Focus: GS-II Governance, Prelims
Why in news?
- The Madras High Court on 12th March 2020, said a government is “a trustee for the little man who should not have a perception that the running of the government is a gigantic conspiracy”.
- It held that the role of Puducherry’s Lieutenant Governor and that of an elected government in the Union Territory were intertwined as per law, and therefore they were expected to act in unison and not in division.
The views of the High Court on L-G and Government
- The high court held that the L-G could not interfere with its day-to-day functioning by fostering a “basically incorrect” opinion that the legislature of the Union Territory was on a par with that of a State.
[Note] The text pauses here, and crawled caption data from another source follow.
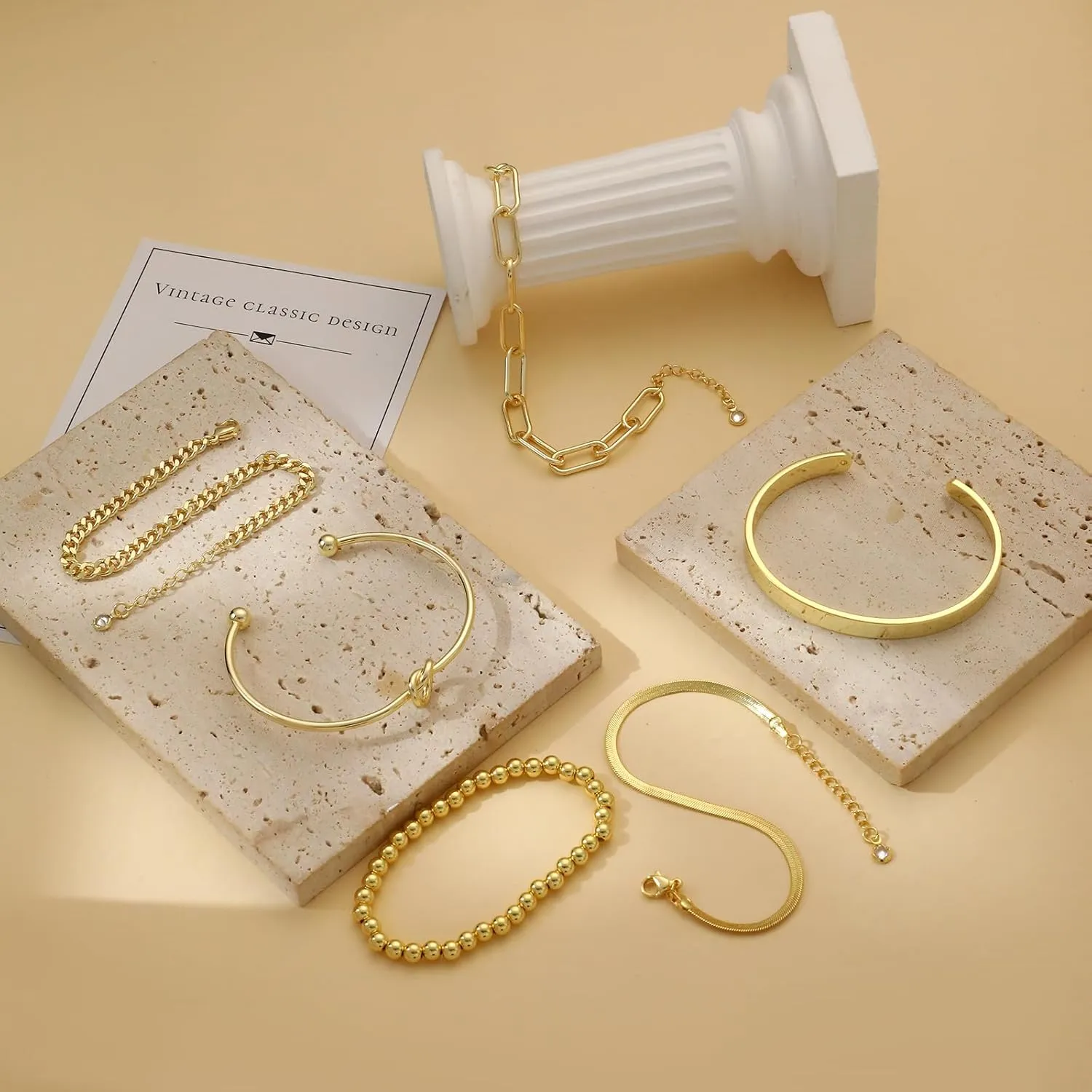 Dainty 14K Gold Bracelets for Women - Waterproof Stackable Gold Bracelet Set - Perfect for Stylish Women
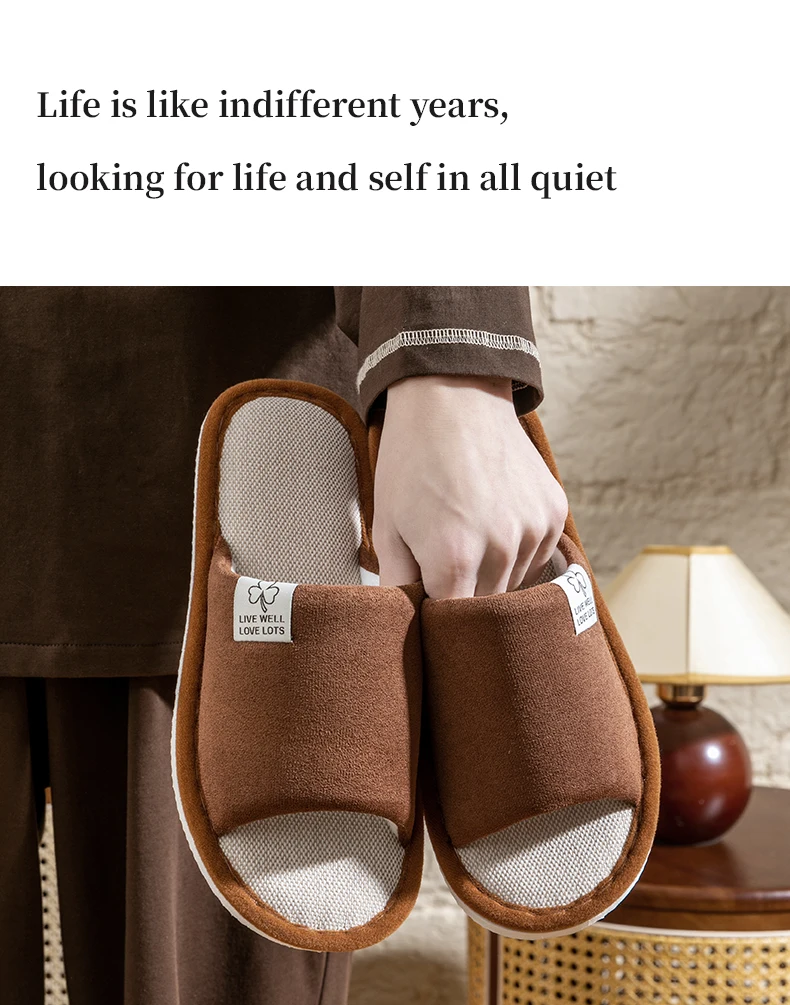 Men's Spring Summer Breathable Slippers Non-Slip Indoor House Shoes,Couples Soft Sole Open-Toe Slippers for All Seasons Home Use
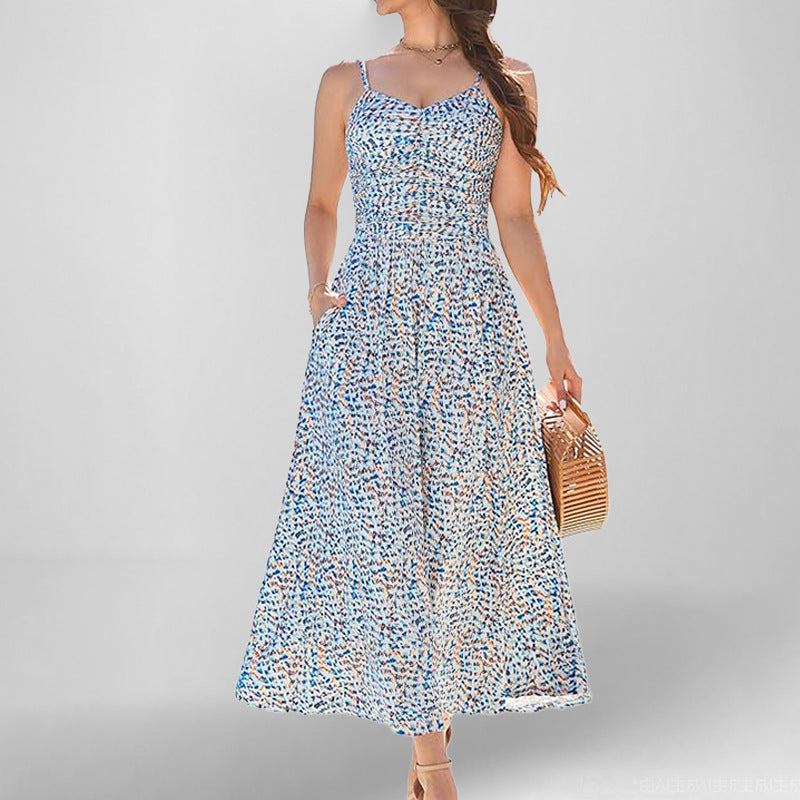 Damen Maxikleid mit schmalen Trägern und praktischen Seitentaschen Drune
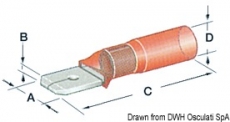 Flachstecker Faston für Kabel 1,2 bis 2,5mm vorisoliert mit Schrumpfhalterung Flachstecker Faston für Kabel 1,2 bis 2,5mm vorisoliert mit Schrumpfhalterung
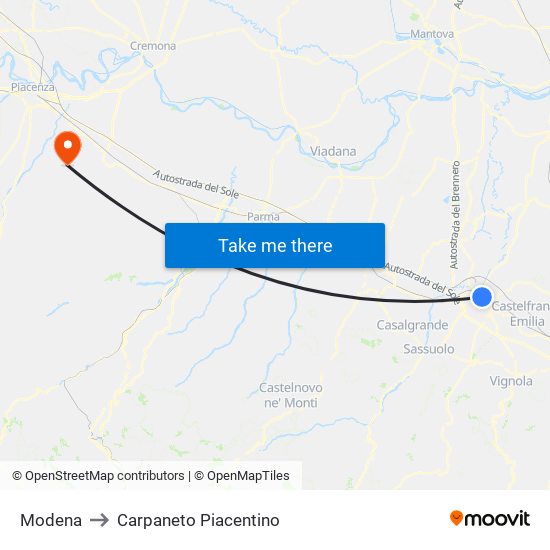 Modena to Carpaneto Piacentino map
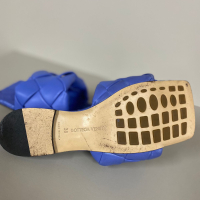 Sandália Bottega Veneta Intrecciato Weave Leather Slides Azul - 36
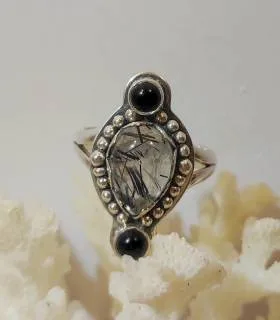 Bague ethnique argent pierres naturelles onyx quartz rutilé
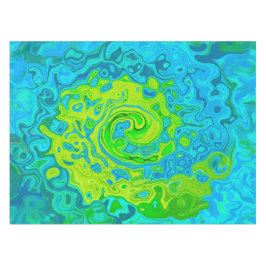Groovy Chartreuse und Aquamarine Liquid Swirl Tischdecke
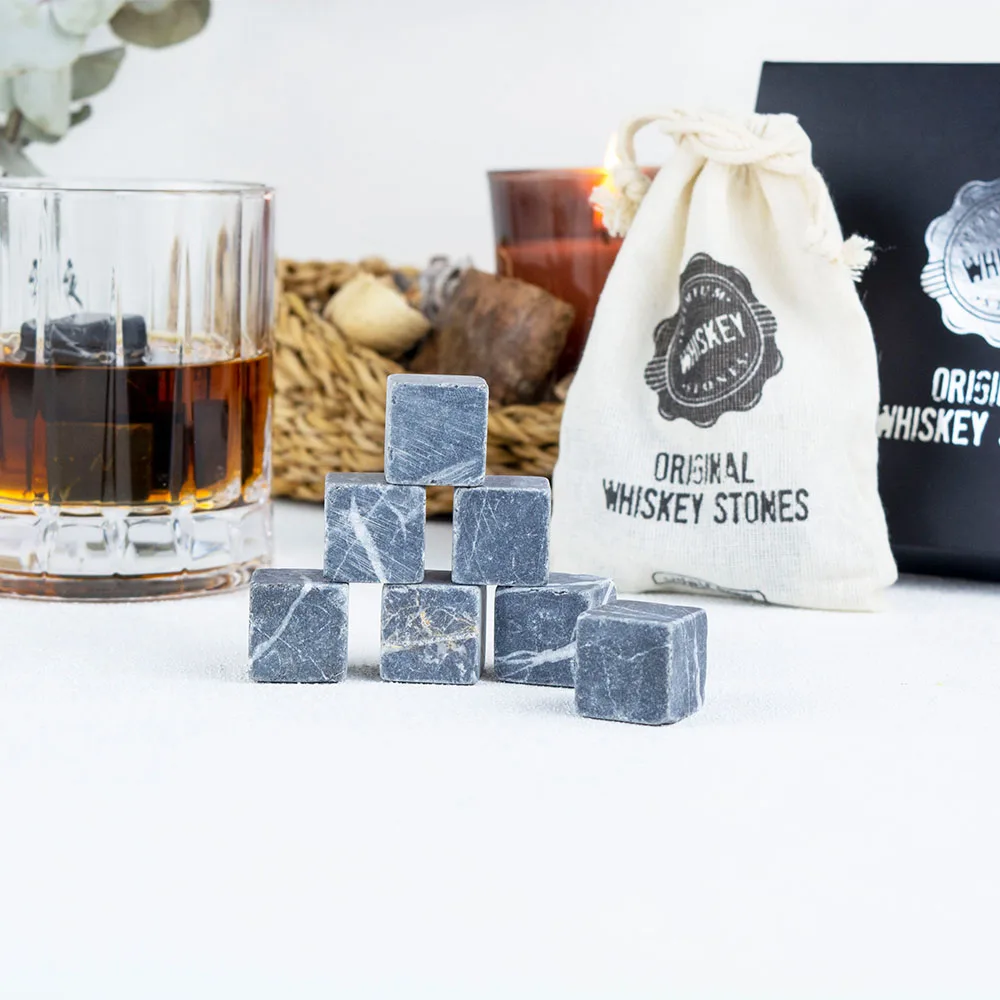 

12 Pcs Whiskey Ice Stones Granite Beverage Cooler Natural Stone with Special Box and Pouch Gift for Father and Husband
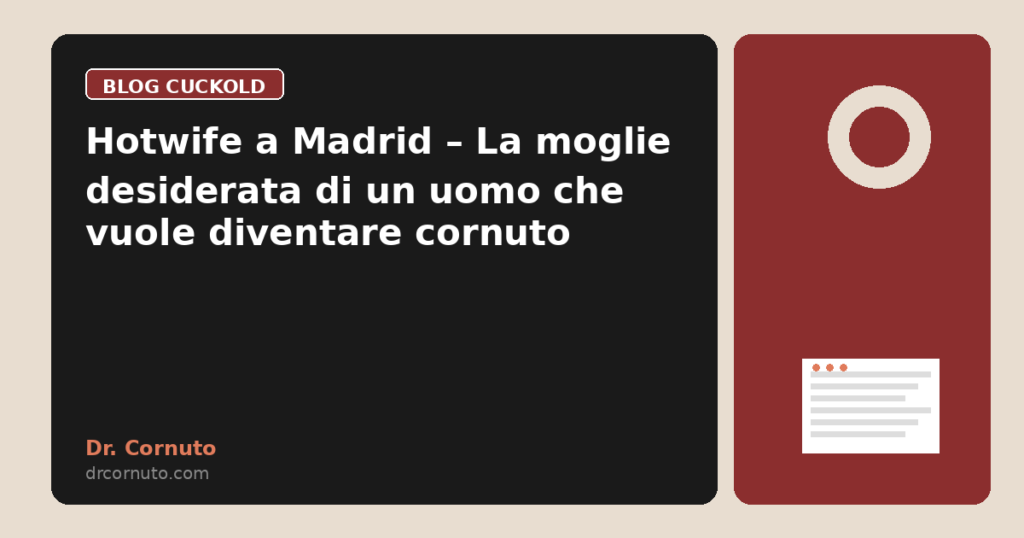 Hotwife a Madrid – La moglie desiderata di un uomo che vuole diventare cornuto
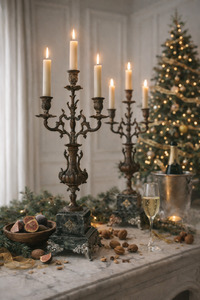 View All Available Antiques: 1880’s French Louis XVI style bronze & emerald marble candelabra set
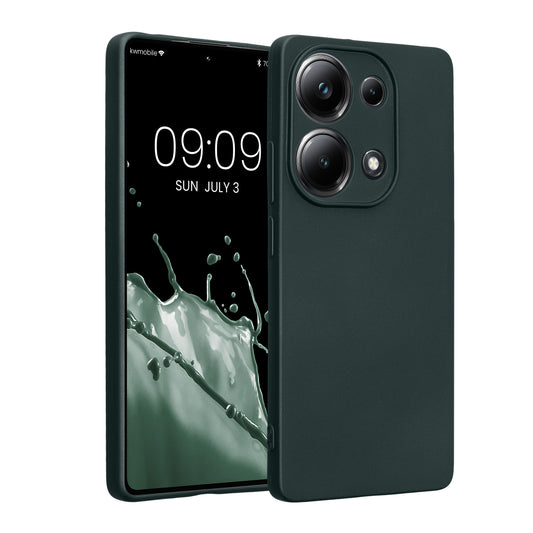 kwmobile Handyhülle kompatibel mit Xiaomi Poco M6 Pro (4G) Hülle - weiche Silikon Case metallisch schimmernd in Metallic Petrol Metallic Petrol  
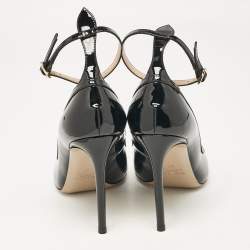 Pre Owned Valentino Black Patent Leather Pointed Toe Ankle Strap Pumps Size 37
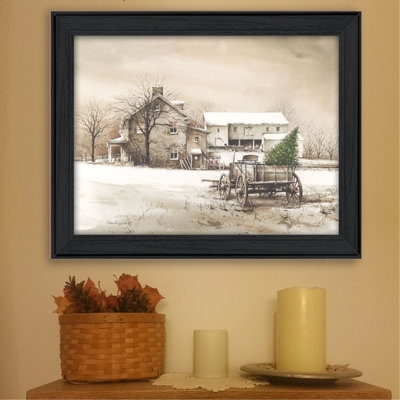 Art mural encadré «Bringing Home the Tree» par Trendy Decor 4U, impression encadrée de décoration intérieure moderne pour le salon, la chambre à coucher et la maison de campagne par John Rossini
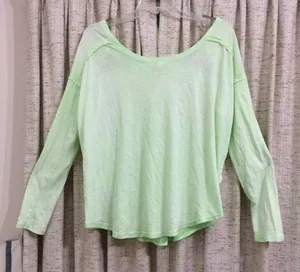 Free People We The Free First Love Lace-Up Tee in Lime thumbnail 6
- The view of the learned single judge suffers from a basic fallacy of drawing a parallel on the basis of expected notions of democracy and republicanism vis-a-vis the status of elected legislature of a Union Territory and that of a State.
- This cannot be done by a judicial pronouncement and has to be through a legislative process by the appropriate legislature.
- For the time being, there is no such law that may equate or put them at par
- In the Republic of India, a lieutenant governor is the constitutional head of five of the eight union territories.
- The lieutenant governor is appointed by the President of India for a term of five years, and holds office at the President’s pleasure.
- Since the union territories of Delhi, Jammu and Kashmir and Puducherry have a measure of self-government with an elected legislature and council of ministers, the role of the lieutenant governor there is mostly a ceremonial one, akin to that of a state’s governor.
- In Andaman and Nicobar Islands and Ladakh however, the lieutenant governor holds more power, being both the head of state and head of government.
- The other three union territories—Chandigarh; Dadra and Nagar Haveli and Daman and Diu; and Lakshadweep—are governed by an administrator.
- Unlike the lieutenant governors of other territories, they are usually drawn from the Indian Administrative Service or Indian Police Service.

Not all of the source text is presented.